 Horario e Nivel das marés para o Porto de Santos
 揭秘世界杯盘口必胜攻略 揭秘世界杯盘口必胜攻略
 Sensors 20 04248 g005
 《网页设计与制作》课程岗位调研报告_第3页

*-*-*

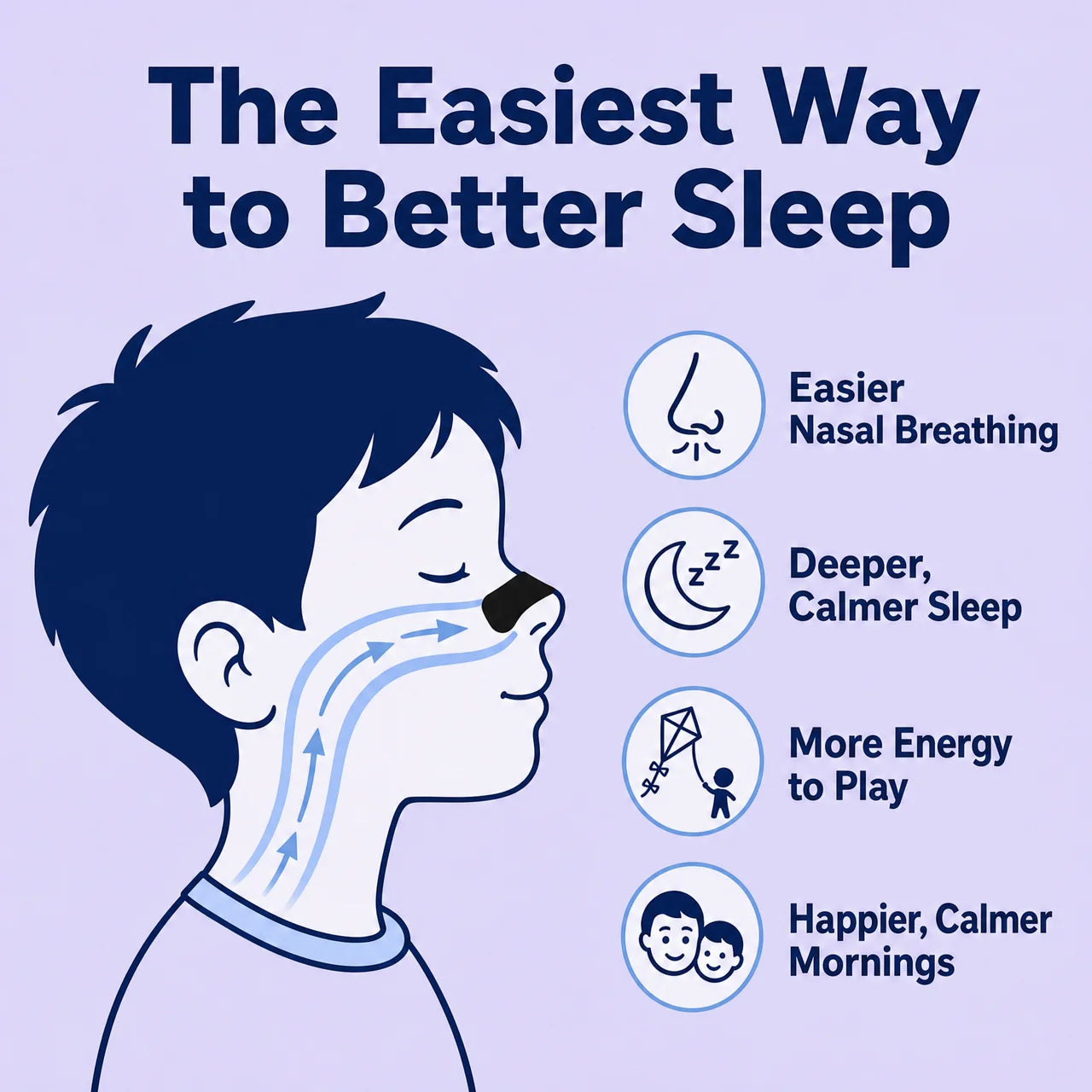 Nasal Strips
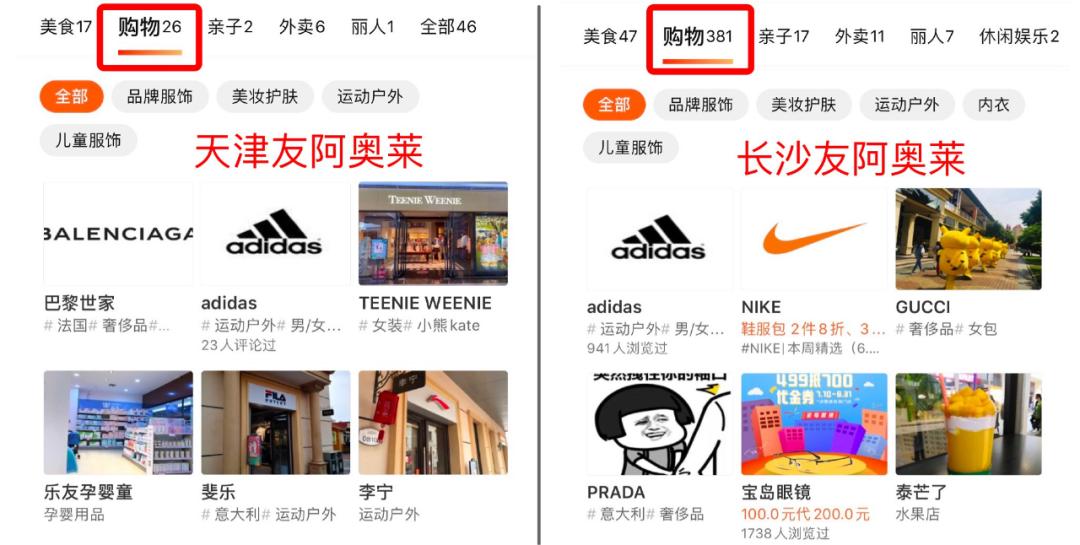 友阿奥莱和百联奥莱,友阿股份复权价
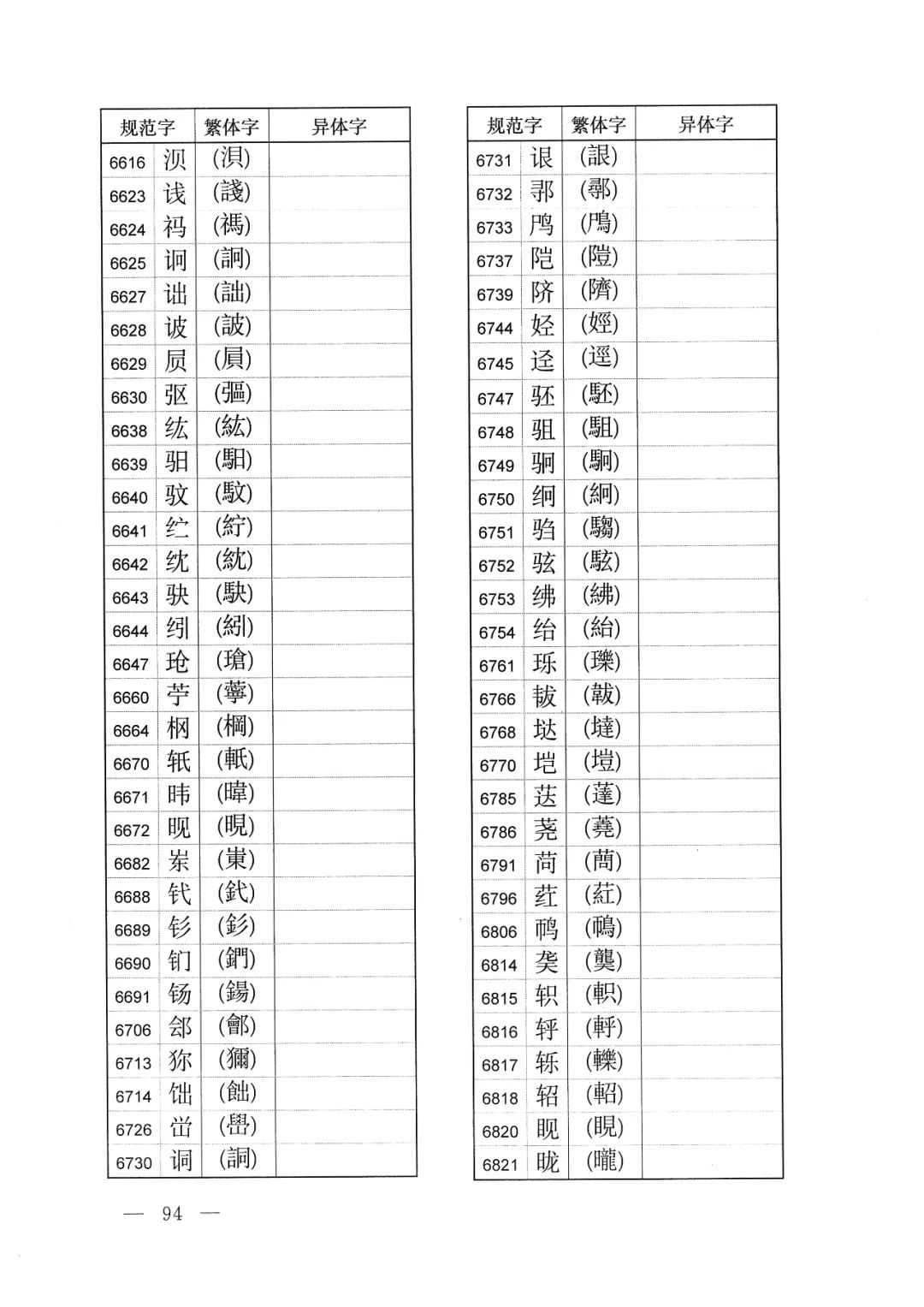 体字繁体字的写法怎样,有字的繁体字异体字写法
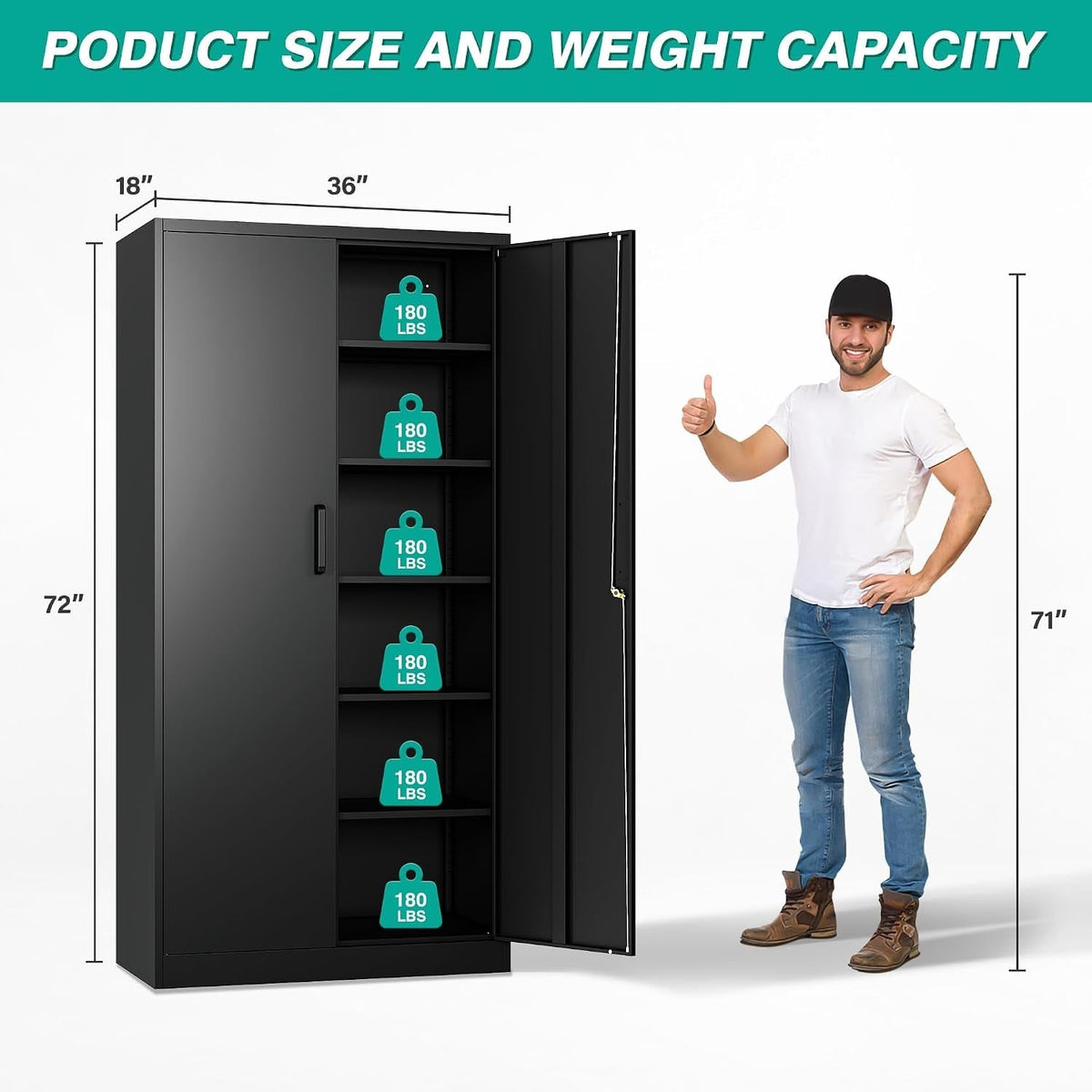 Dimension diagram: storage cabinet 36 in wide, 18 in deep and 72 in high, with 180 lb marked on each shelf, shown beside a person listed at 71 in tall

*-*-*

Your goal » Copy exactly the lines of the listing above between the one holding "友阿奥莱和百联奥莱,友阿股份复权价" and the one holding "Dimension diagram: storage", inclusive; omit all pictures.

Solution »
 友阿奥莱和百联奥莱,友阿股份复权价
 体字繁体字的写法怎样,有字的繁体字异体字写法
 Dimension diagram: storage cabinet 36 in wide, 18 in deep and 72 in high, with 180 lb marked on each shelf, shown beside a person listed at 71 in tall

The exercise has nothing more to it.